I agree that LLMs are naturally anti abstraction machines.. I'm often trying to find way to reverse that.
> I agree that LLMs are naturally anti abstraction machines.. I'm often trying to find way to reverse that.
I am a bit of an LLM cynic but I am trying to learn it all, and I have to say I have spent most time trying to work out: how do you explain how a brown-field codebase actually works, in such a way that the LLM won't pervert it through misunderstanding.
It does encourage you towards the "conventional" coding standard for any new project, because you want to use a pattern that it will have seen in its training set.
But for example there are differences of opinion in how wordpress plugins (which have a very complex control flow) should be structured. LLMs are incredible at knowing how WP works, actually, but what is difficult is explaining how your methodology for a large plugin is going to work.
It is a battle — but a useful one because it can be used for, er, studying the comparative belief systems of the LLMs.
I think you applied this idea into the era of LLMs but consider an abstraction that takes in multiple god structs for branches it may or may not call in the case you are looking at and has a lot of if conditions that explode in combinatory complexity across a deep call chain. Now the bottle neck is that you need to call this function 144 times a second. That is where you start to have clusters of hot code paths where the latency stacks depending on the angle the god structs come in.

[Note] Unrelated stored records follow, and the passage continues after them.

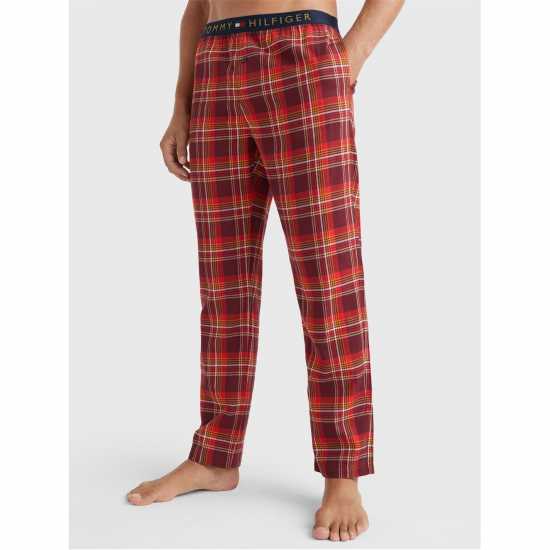 Tommy Hilfiger Flannel Pant Red Plaid 0HF Мъжки пижами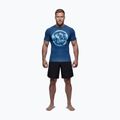 Men's T-shirt Pitbull Rashguard Logo Palms blue 2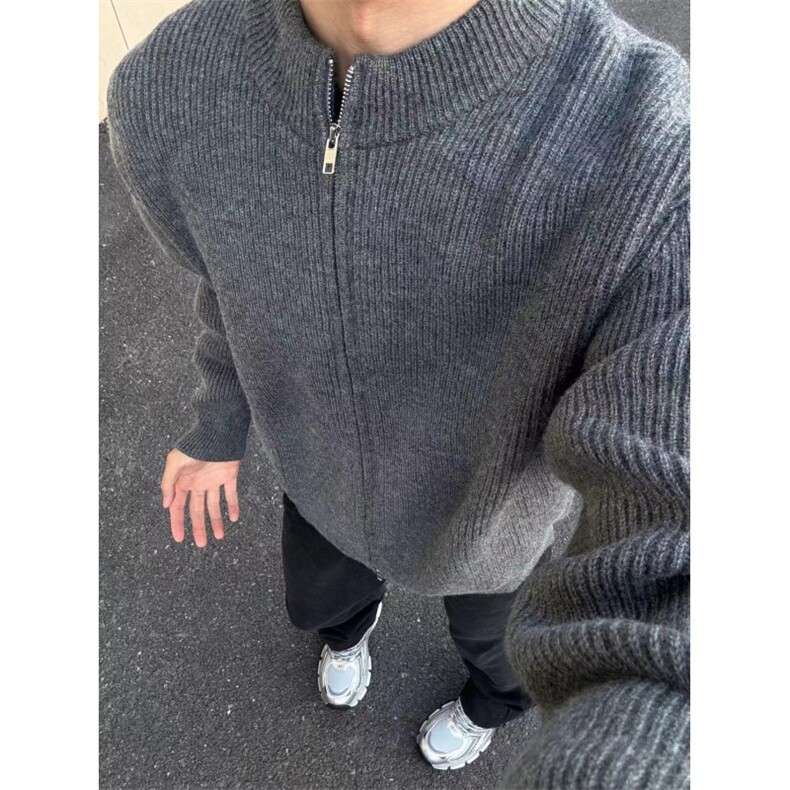 【有货】M5653HH-特P55cleanfit拉链开衫毛衣外套男款针织衫,男装针织衫/毛衣,星座1007（原301D）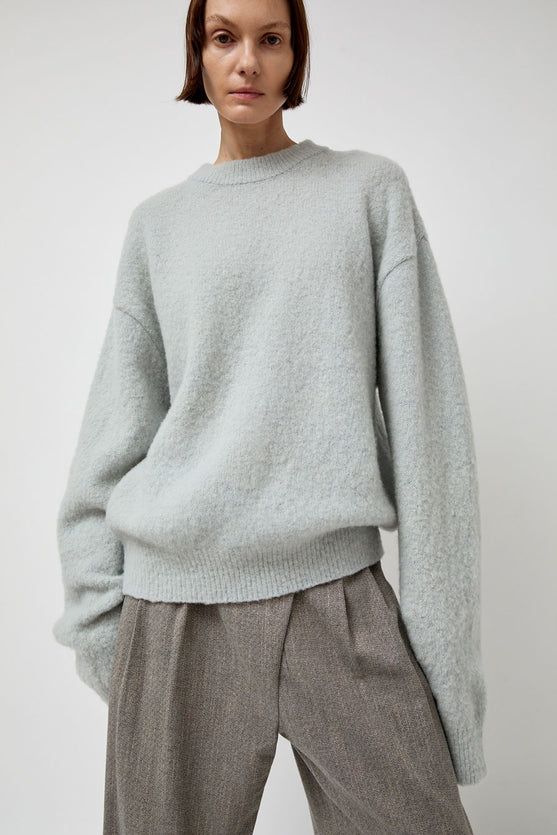 Amomento Fluffy Long Sleeve Pullover in Light Grey No.6 Store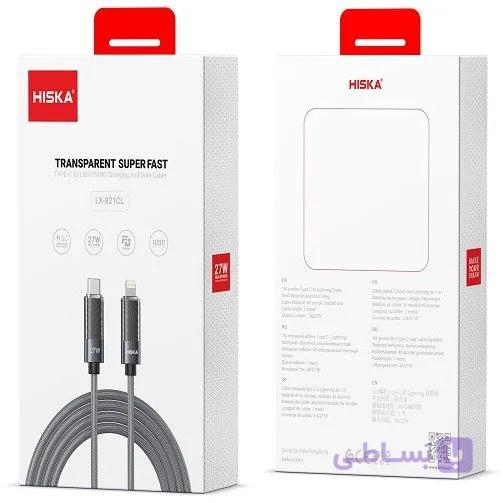 کابل USB-C به Lightning هیسکا مدل LX-821CL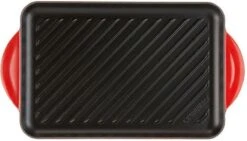 Le Creuset - Gietijzeren Grillplaat - 32x22cm - Kersenrood -Thuiskeuken 1200x685 2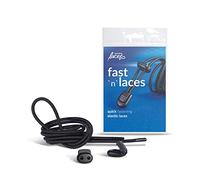 Kaps Lacets Fast n, Lacets Élastiques sans Cravate pour Enfants et Adultes, Lacets Amusants en Plusieurs Couleurs, Lacets Rapides et Faciles pour Baskets et Baskets (Noir)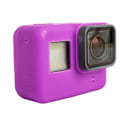 Pikkukuva 2 / 2: GoPro Hero 5 Black Pehmeä Silikoni Suojaava Kotelo - Violetti Purple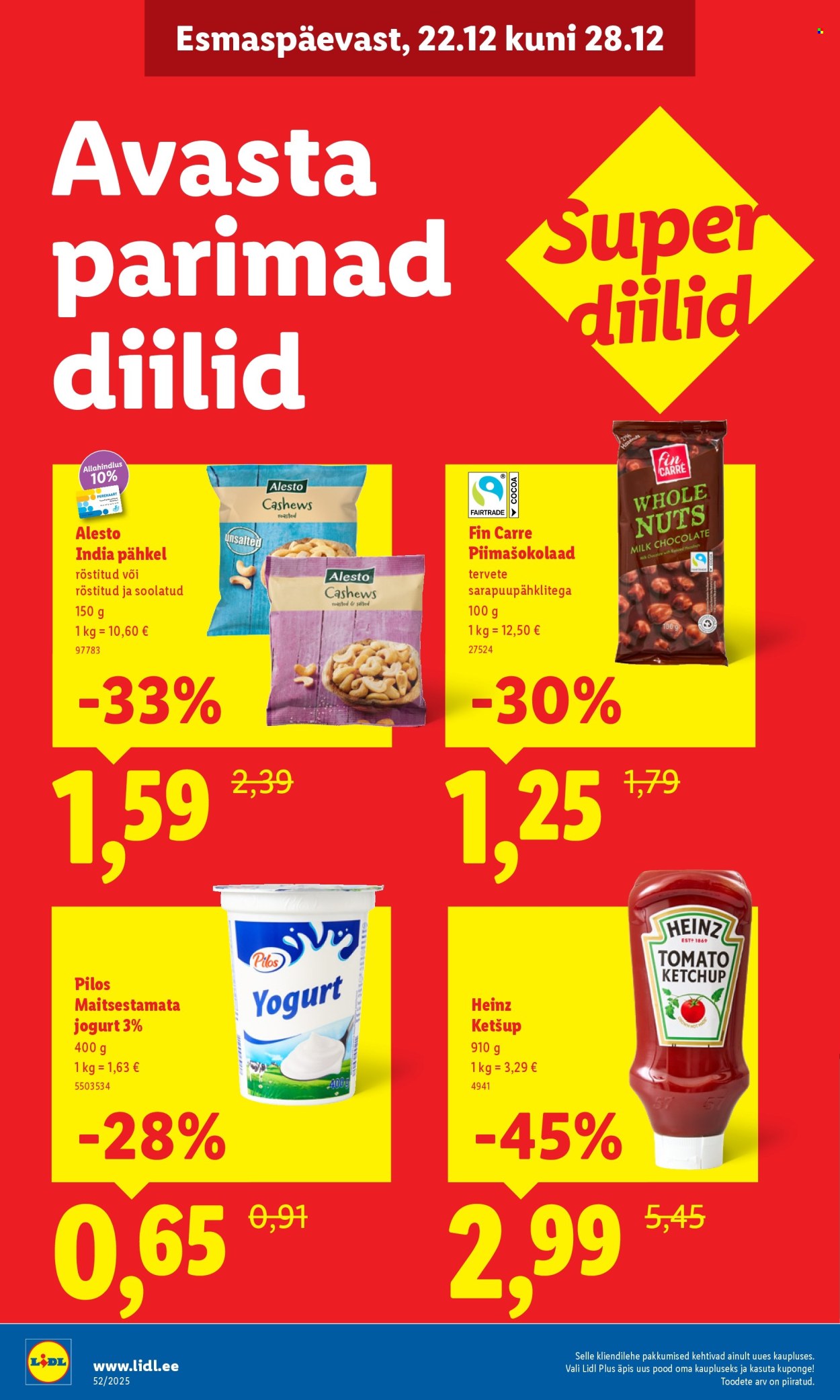 Lidl kliendileht - Linnämäe tee 28 (22.12 - 28.12.2025)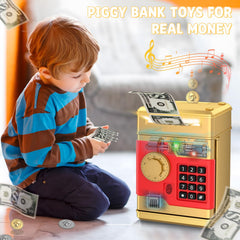 NAFEIV Piggy Bank automatic money scroll makes saving quick and enjoyable.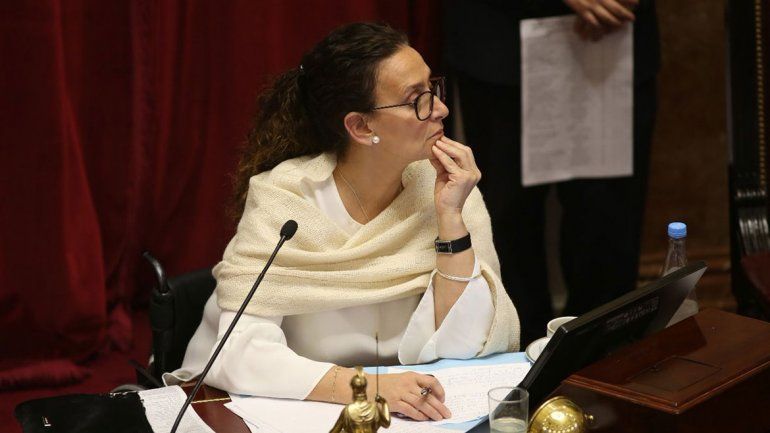 Insultos, festejos y peleas: el show de Michetti en el Senado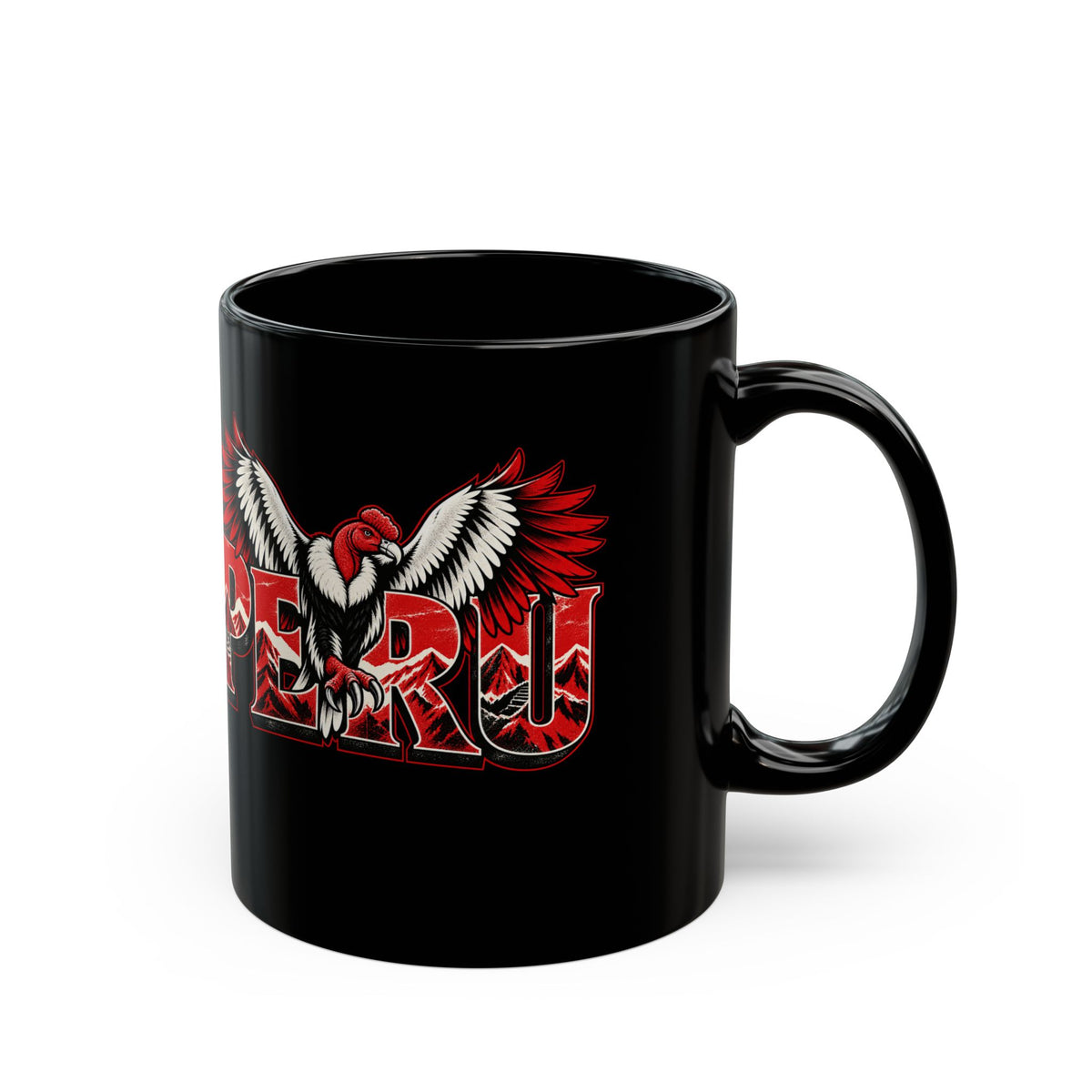 Best Peruvian Black Coffee Mug "Peru Condor"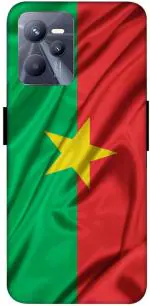 ANGELSKY Realme C35, Realme Narzo 50A Prime Red, Green Flag Wallpaper Printed Back Cover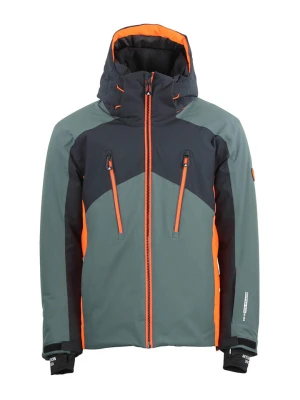 Peak Mountain Kurtka narciarska "Crampon" w kolorze zielono-pomarańczowym rozmiar: XXL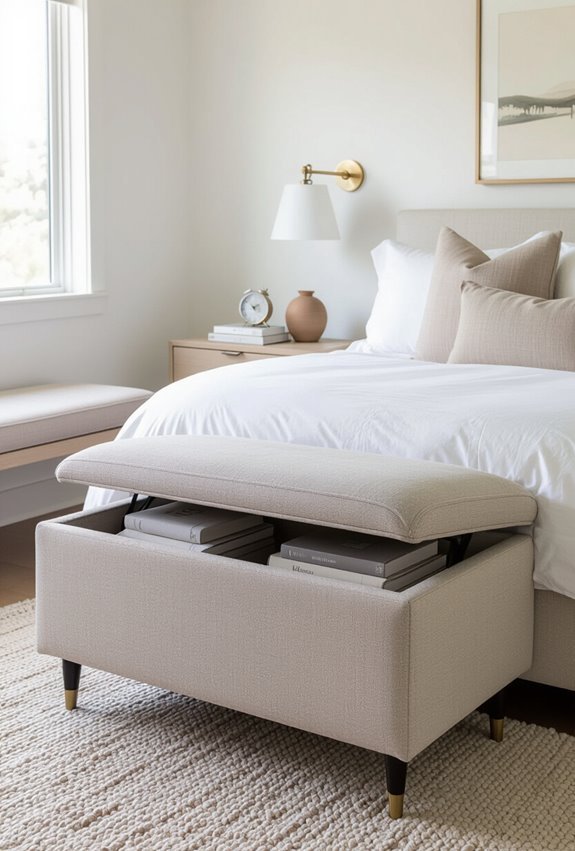 storage ottoman and bench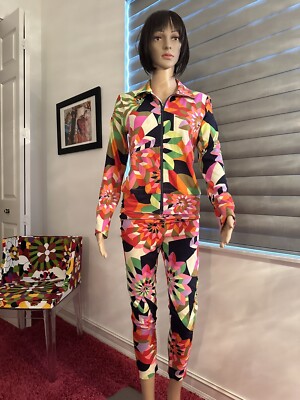 julie brown Multi Color Print Matching Pants And Jacket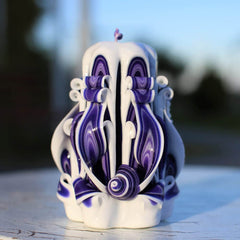 Handmade Kiev carved candle gift angel decor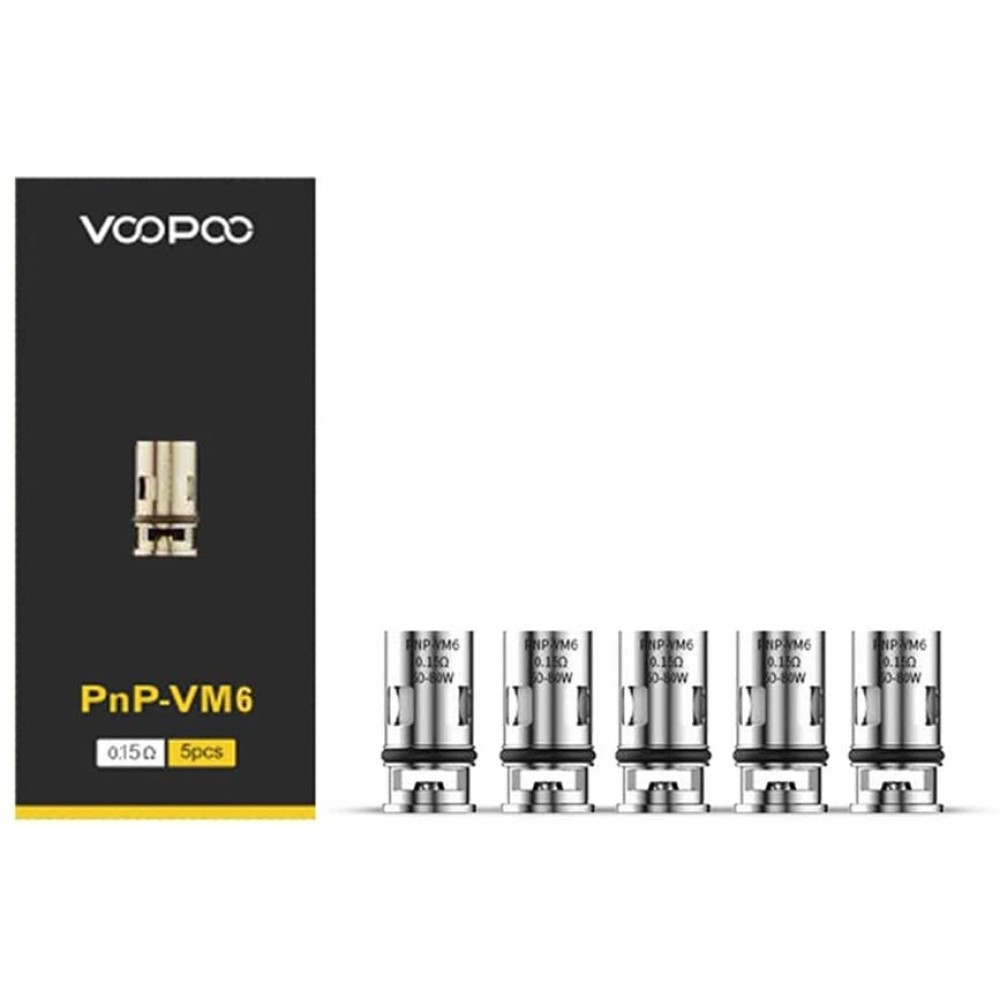 Voopoo PnP VM6 0,15 ohm 1τμχ Ατμοποιητές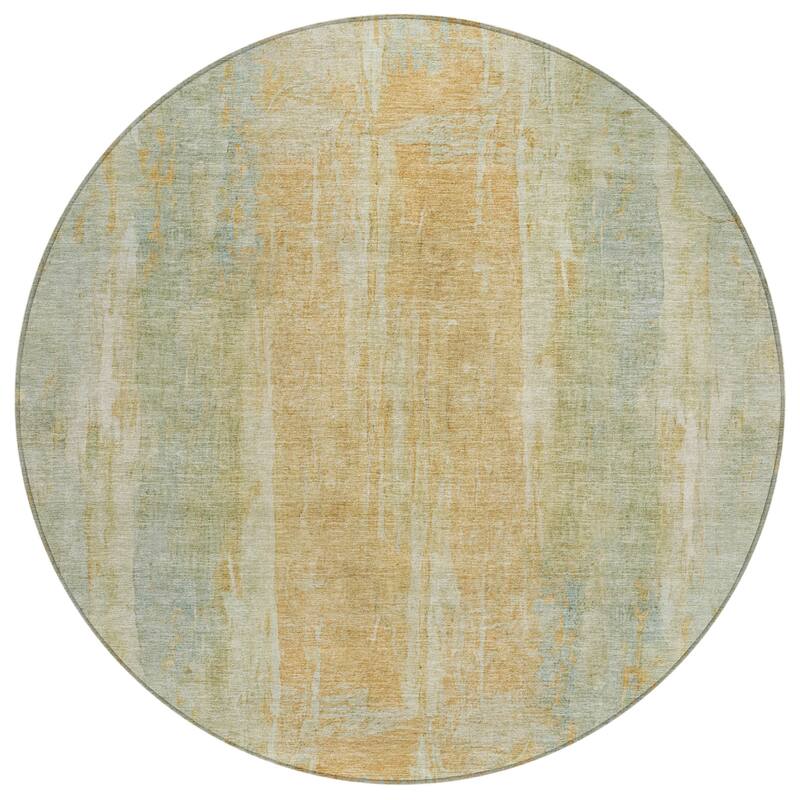 Machine Washable Indoor/ Outdoor Vintage Ombre Chantille Rug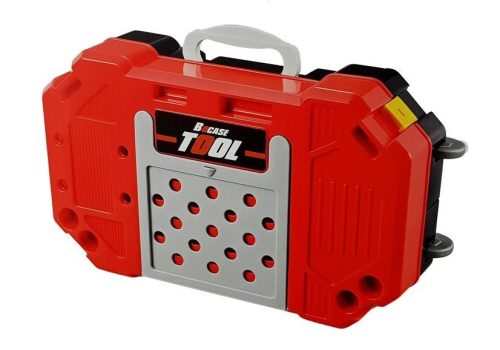 Barkácskészlet elemekkel 3 az 1-ben bőrönd műhely 85 elem 56 cm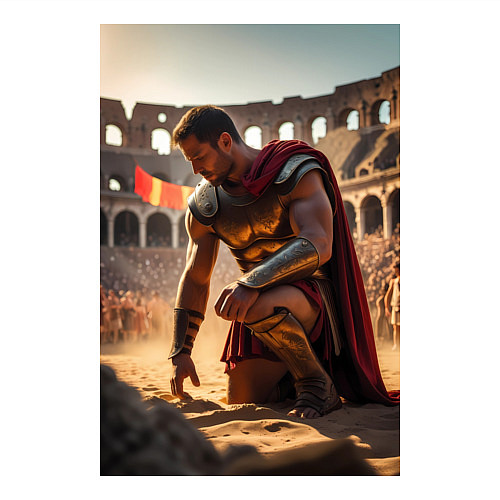 Мужской свитшот Спартак в Колизее / Белый – фото 3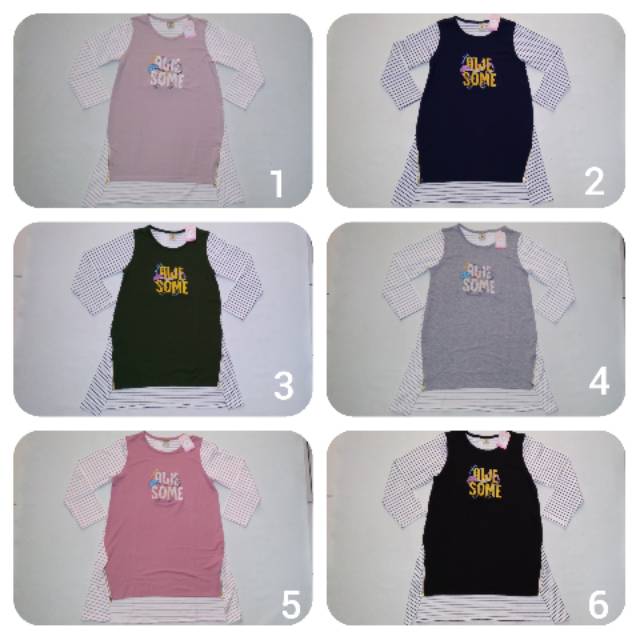 Seyes kids girl Atasan Tuniq Anak Cewek tanggung ABG 
Bahan adem dan lembut
CVC spandek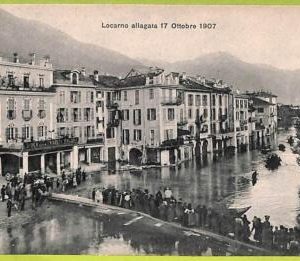 Lib7974 -  SWITZERLAND - VINTAGE POSTCARD - Locarno 1907 FLOODS
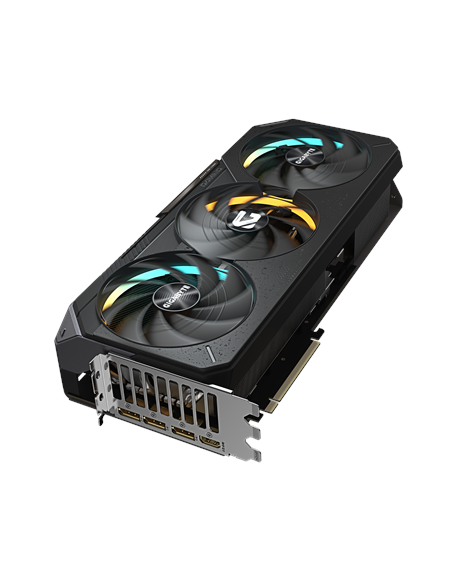 Gigabyte RTX 5090 GAMING OC 32G GDDR7 vaizdo plokštė – vaizdas kampu iš viršaus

Not sure what LLMs do here, I don't vibe code
I am applying it to LLMs on the basis of twenty years of seeing smaller programming shops tie themselves in knots by using duplication to avoid developing an abstraction that would help them because they were unsure of it.
Everyone always thinks duplication is fine when you can bill the modifications by the hour. But they never think to understand that the reason they've had so many employees is that they've turned their change process into firefighting all the different versions of the same code and all these young developers burn out from the sheer anxiety of not knowing where all the little fires are.
I once had to rescue a site that had become a victim of its own popularity, that was written by subcontractors who clearly believed that duplication is better than the wrong abstraction.
Until one day, along came a change — MySQL 4 to MySQL 5 — and a significant duplicated query no longer worked due to its new, proper strictness.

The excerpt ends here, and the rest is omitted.